* EXERCISE PROMPT *
Nothing but the lines from the first line of the records through the line with "Produktbild: Papageitaucher auf" should be output, exactly as written and free of pictures.

* Crawled caption data *
····················
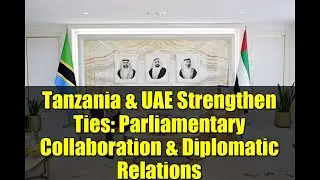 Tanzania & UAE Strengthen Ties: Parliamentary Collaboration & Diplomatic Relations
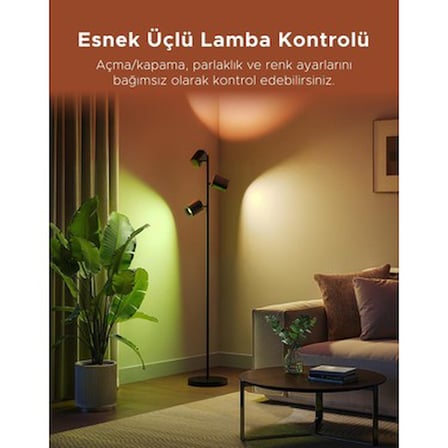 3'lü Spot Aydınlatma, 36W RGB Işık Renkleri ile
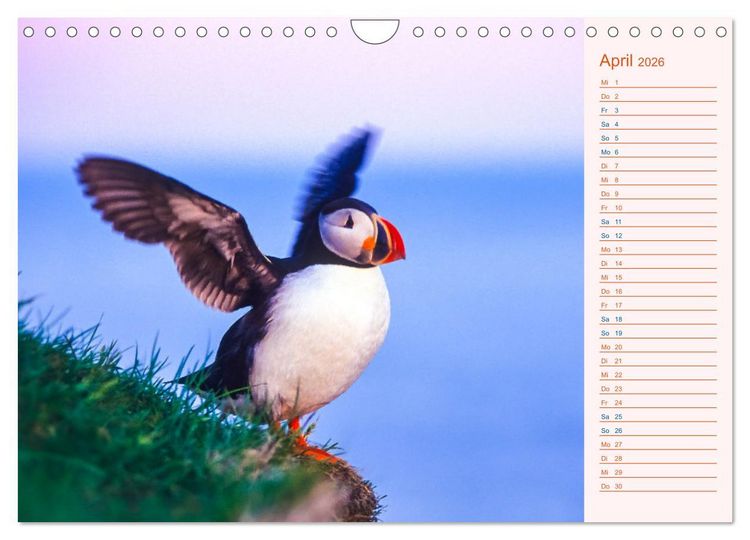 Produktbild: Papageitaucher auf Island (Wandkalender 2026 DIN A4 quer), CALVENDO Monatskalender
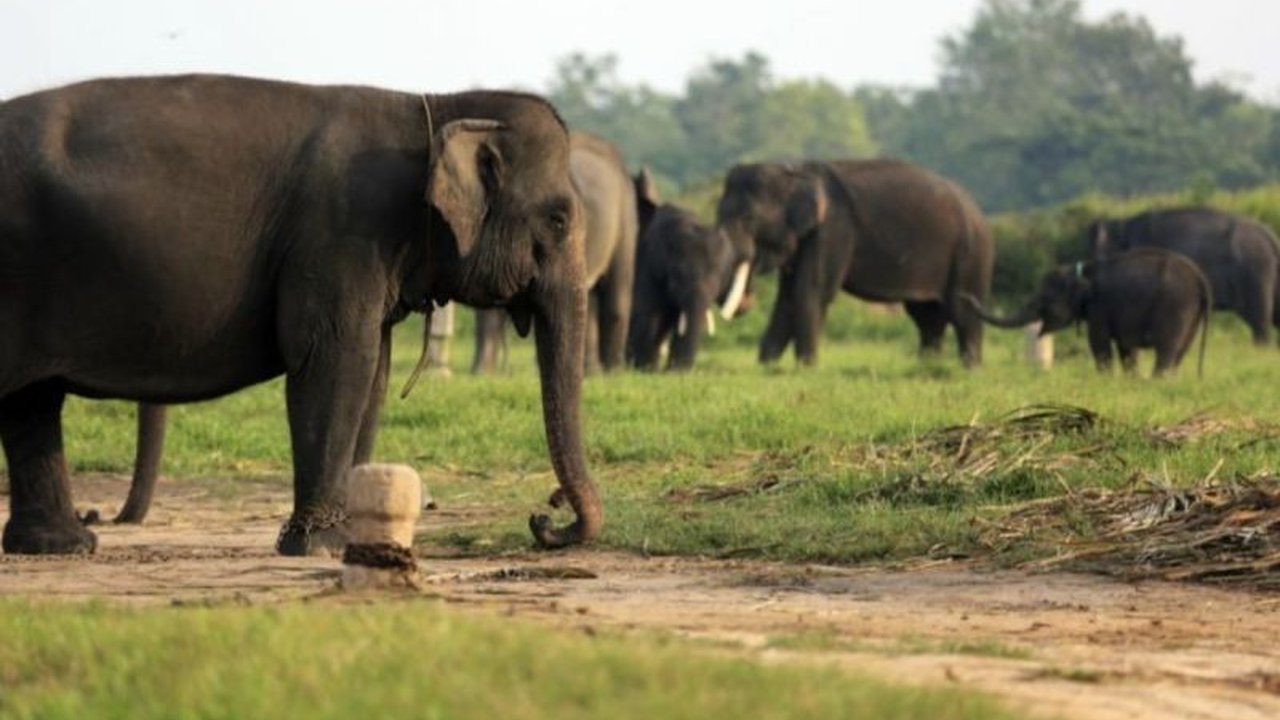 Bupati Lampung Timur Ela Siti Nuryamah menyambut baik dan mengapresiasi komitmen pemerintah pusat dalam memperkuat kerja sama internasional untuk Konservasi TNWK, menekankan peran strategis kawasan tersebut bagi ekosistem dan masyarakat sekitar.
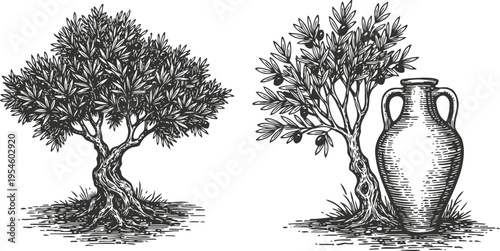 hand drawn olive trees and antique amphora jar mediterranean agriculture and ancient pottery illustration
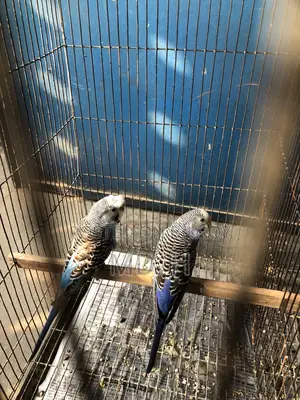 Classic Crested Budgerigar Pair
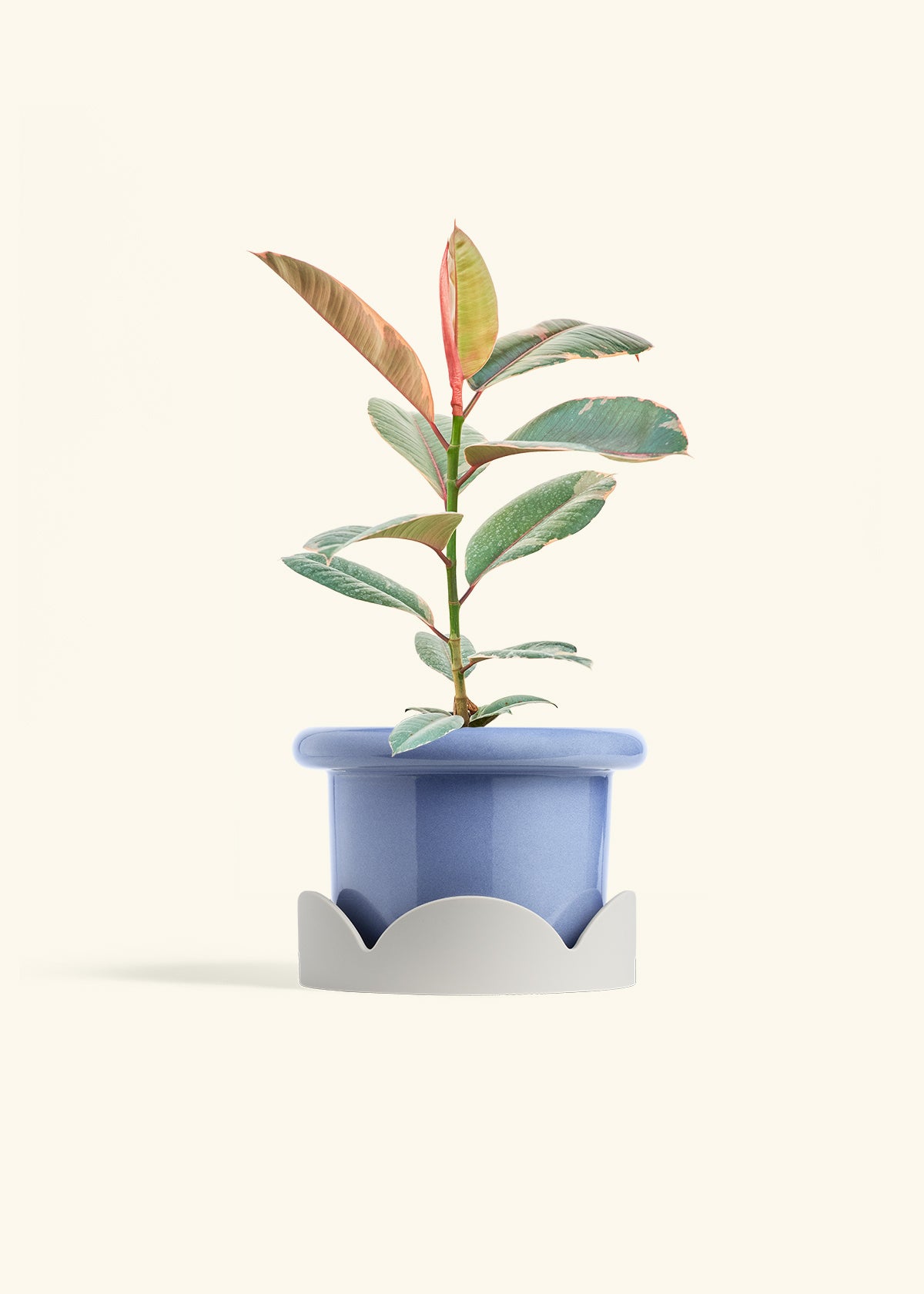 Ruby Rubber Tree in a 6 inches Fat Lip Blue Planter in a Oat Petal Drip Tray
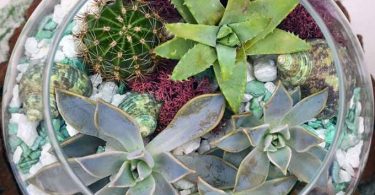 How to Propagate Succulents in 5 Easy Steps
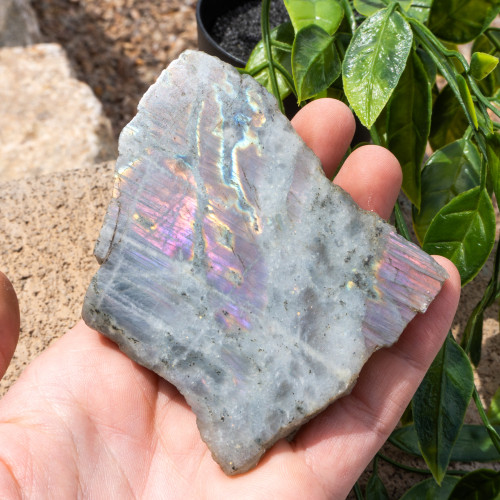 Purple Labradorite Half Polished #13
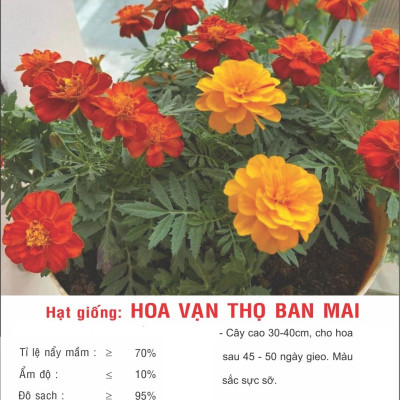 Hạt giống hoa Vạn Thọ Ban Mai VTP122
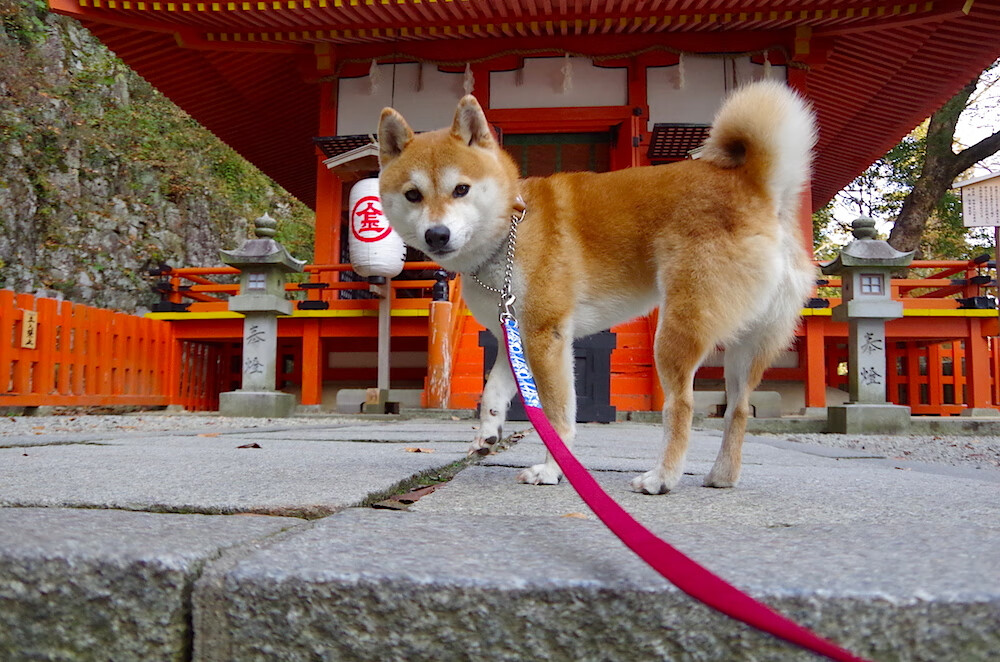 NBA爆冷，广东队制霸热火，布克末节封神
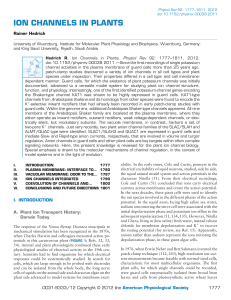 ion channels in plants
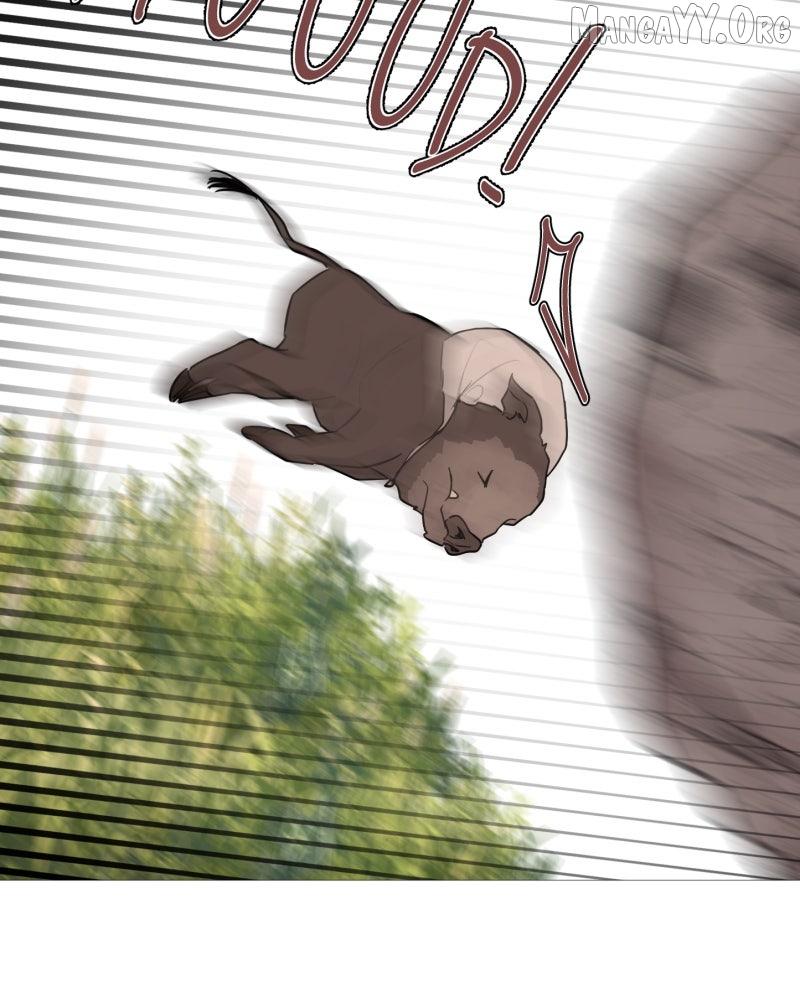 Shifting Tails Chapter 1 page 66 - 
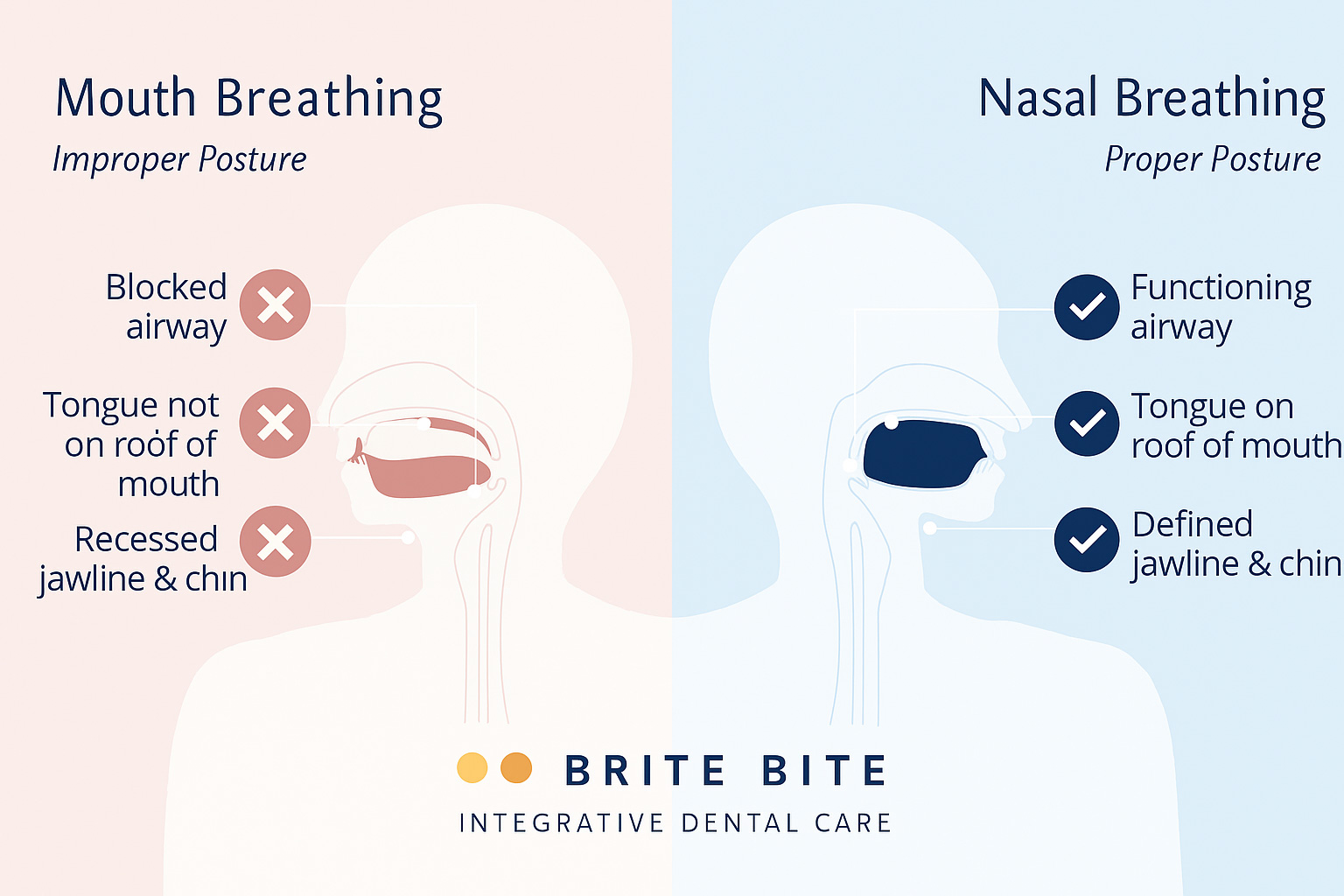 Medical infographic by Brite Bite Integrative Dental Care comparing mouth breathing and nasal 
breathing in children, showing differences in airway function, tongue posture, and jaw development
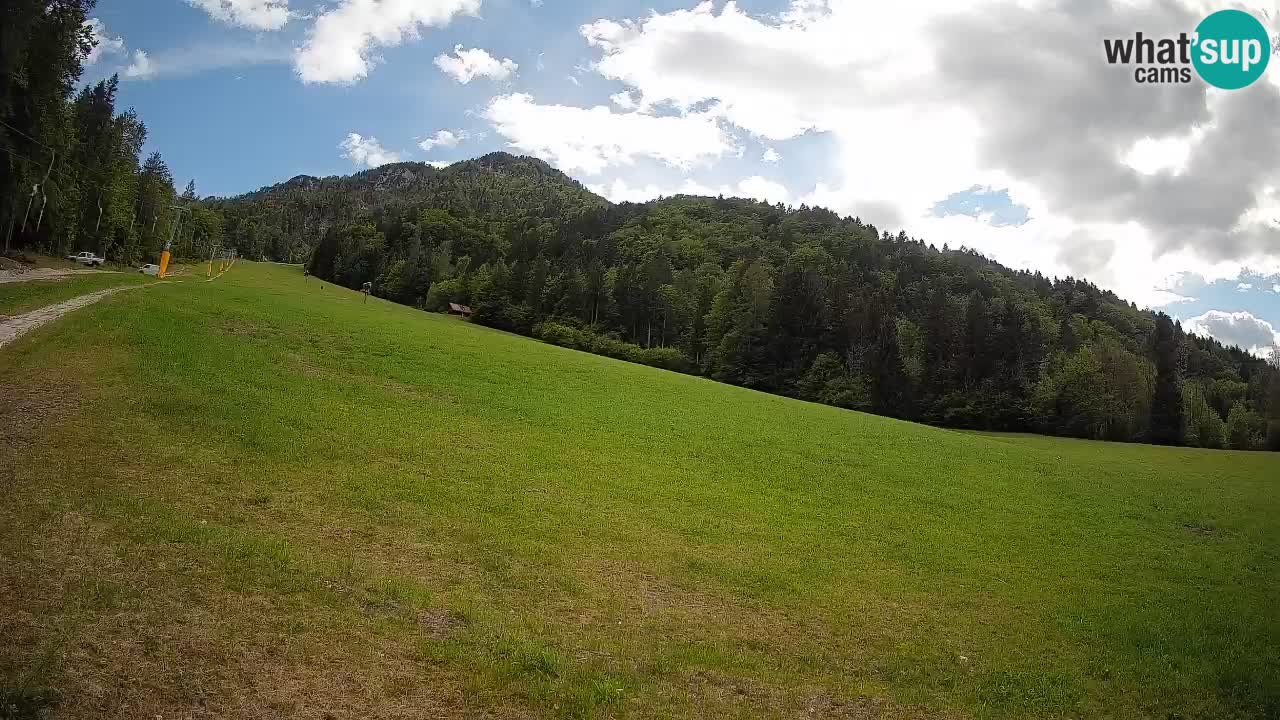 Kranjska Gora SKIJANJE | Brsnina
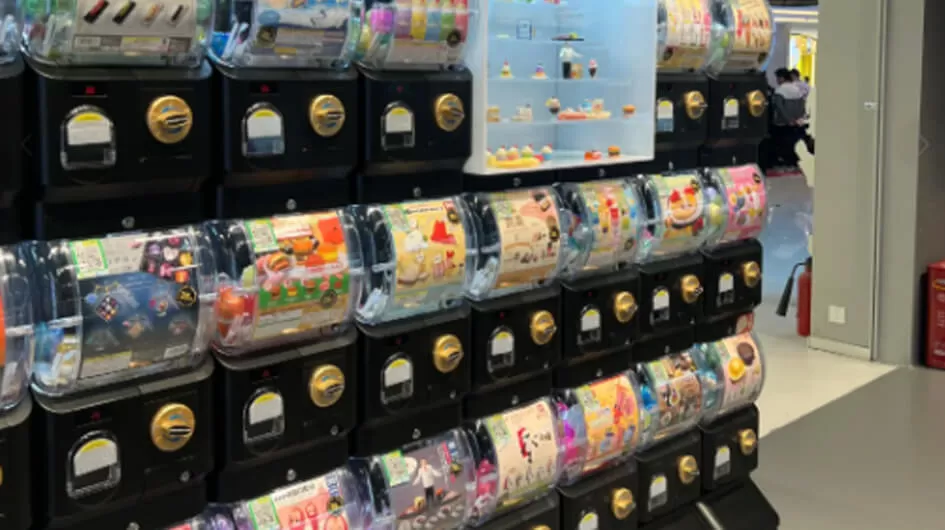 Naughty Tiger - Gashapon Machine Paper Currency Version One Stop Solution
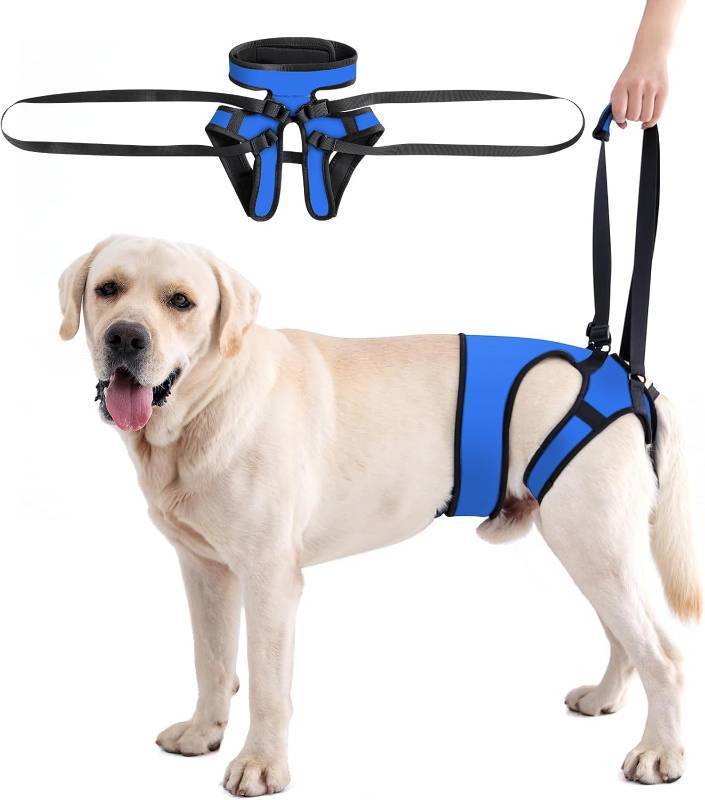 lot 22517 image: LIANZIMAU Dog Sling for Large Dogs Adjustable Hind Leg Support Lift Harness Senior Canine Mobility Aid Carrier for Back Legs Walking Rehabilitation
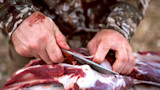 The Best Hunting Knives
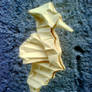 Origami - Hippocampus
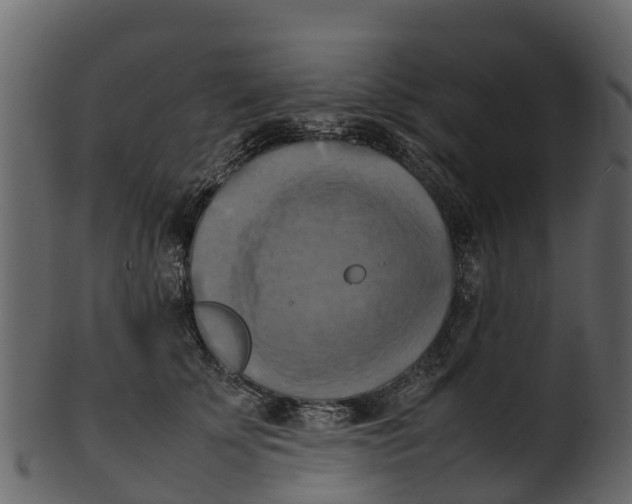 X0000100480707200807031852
····················
* WRITTEN RESPONSE *
 Tanzania & UAE Strengthen Ties: Parliamentary Collaboration & Diplomatic Relations
 3'lü Spot Aydınlatma, 36W RGB Işık Renkleri ile
 Produktbild: Papageitaucher auf Island (Wandkalender 2026 DIN A4 quer), CALVENDO Monatskalender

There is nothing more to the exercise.